Sax man Dave Laub stirs up a flexible force of funk

Andy Stonehouse
Special to The Vail TrailFlux5 plays at the Minturn Saloon on Oct. 6 for the Live! In Minturn concert series.

The revolving-door syndrome is nothing new for musicians trying to make a go of it, especially in the Vail Valley. Finding, acclimatizing and retaining fellow players is a challenge for anyone, especially those trying to play creative, original music.

Since 2002, local educator and tenor sax master Dave Laub has dealt with the ebb and flow of Valley musicianship by celebrating its frequently transient nature – and doing what he can to get as funky as possible with each ever-changing spin of the musical wheel of fortune.

Laub’s quintet, Flux5, celebrates the strange forces at work in band dynamics; he’s currently the only original member and he admits that things will probably continue to change, although he’s enjoying one particularly lengthy stretch with the same cast of band members.

“Every time we’ve replaced someone, we’ve taken a slightly different step in a new direction, so I tend to look for people with very good musicianship,” he says. “I’ve tended to focus on musicians I want to work with and blend in their talents.”

Flux5 began four years ago when Laub decided to make a concerted effort to create a band that would reflect the funky, jazz- and soul-influenced rock that he’d come to associate with New Orleans-based acts such as the Meters and Galactic.

“The whole thing was really sparked by my first trip to the New Orleans Jazz Festival … a band mate and I headed down there and caught a bunch of bands that I was gradually being turned onto.
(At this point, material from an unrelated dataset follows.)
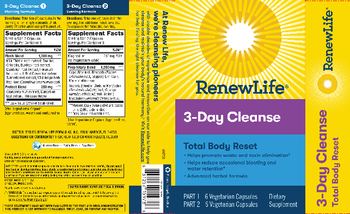 Renew Life 3-Day Cleanse 3-Day Cleanse Evening Formula - supplement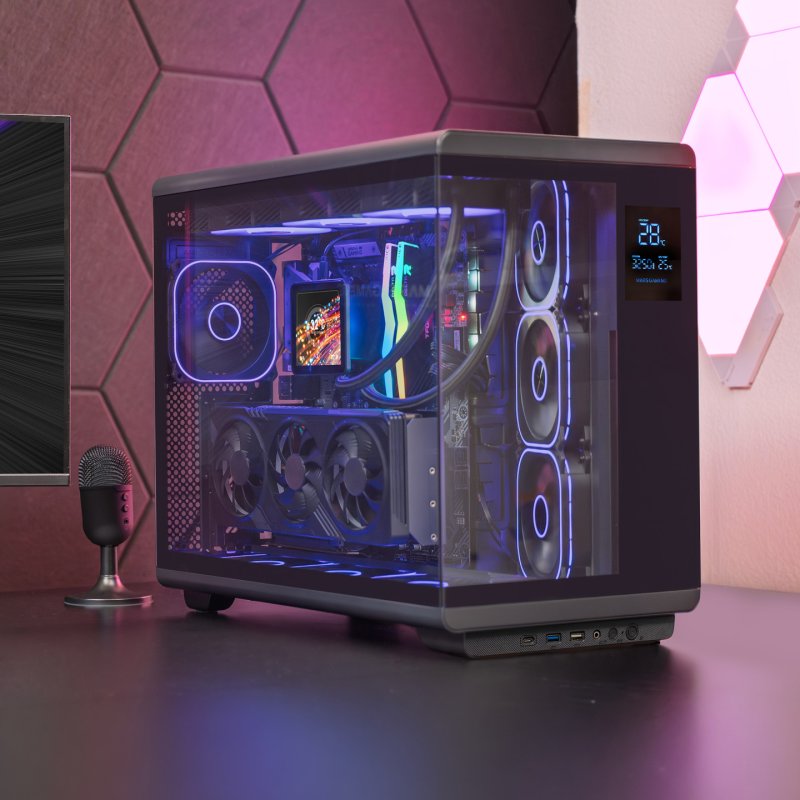 Boitier Moyen Tour ATX Mars Gaming MC-REVMAX RGB avec panneaux vitrés (Noir)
Seeing them in action was very inspirational … I’d decided that was the direction I wanted to go in, whereas I’d studied very traditional jazz and blues in college.”

Wading into the waters of funk fusion, Laub – who is now in his third year as performing arts chair for the Vail Mountain School – began recruiting like-minded, but occasionally short-lived, players.

“We knew our first drummer was leaving even before we started the band. ‘Flux’ means a flowing change and that’s been true … we were never sure who was going to be in the band or for how long.”

Laub’s current crop of players has kept things stable for quite a while (at least in band years); guitarist Matt Cheek dates back to a year after the group’s inception, keyboardist Andy Schmidt has worked with Laub for two years and bassist Richie Vazquez and drummer Scott Mattson are celebrating an entire year with Flux5.

This year has been a busy one for the group, including opening spots for Vinyl, Karl Denson’s Tiny Universe and Galactic’s Stanton Moore, plus solo gigs in Denver and a winning performance at Frisco’s Fired Up Fourth of July battle of the bands contest.

Laub says a CD project is a possibility, but tends to favor the prospect of a live recording rather than a studio session – CDs tend to outlast Flux5 personnel.